De financiële middelen voor de vijf jaar durende uitvoering van het programma werden vastgesteld op 67,25 miljoen euro.

2. DOEL VAN DE AFSLUITENDE EVALUATIE

Artikel 15 van Beschikking nr. 2235/2002/EG bepaalt: “in het afsluitend evaluatieverslag [van Fiscalis 2003–2007] worden de doeltreffendheid en de doelmatigheid van de activiteiten van het programma beoordeeld”, zulks in relatie tot de doelstellingen. De relevantie daarvan is reeds beoordeeld bij de tussentijdse evaluatie, die in 2004–2005 is uitgevoerd.

De afsluitende evaluatie is in november 2007 van start gegaan en in juni 2008 afgerond. De evaluatie bestreek de gehele regeling (2003 tot en met 2007).

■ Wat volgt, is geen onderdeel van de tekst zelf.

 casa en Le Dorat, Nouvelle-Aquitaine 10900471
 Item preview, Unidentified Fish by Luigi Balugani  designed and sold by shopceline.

De afsluitende evaluatie van Fiscalis 2003–2007 is in opdracht van de Europese Commissie uitgevoerd door Deloitte. Er zijn vier evaluatiecriteria toegepast:

- doeltreffendheid van Fiscalis wat de verwezenlijking van de doelstellingen betreft;

- doelmatigheid, uitgaande van de gebruikte middelen en de verkregen resultaten;

- nut van de resultaten van het programma met betrekking tot de vastgestelde behoeften en de oplossing van problemen;

- duurzaamheid van de resultaten van het programma op de middellange en de lange termijn.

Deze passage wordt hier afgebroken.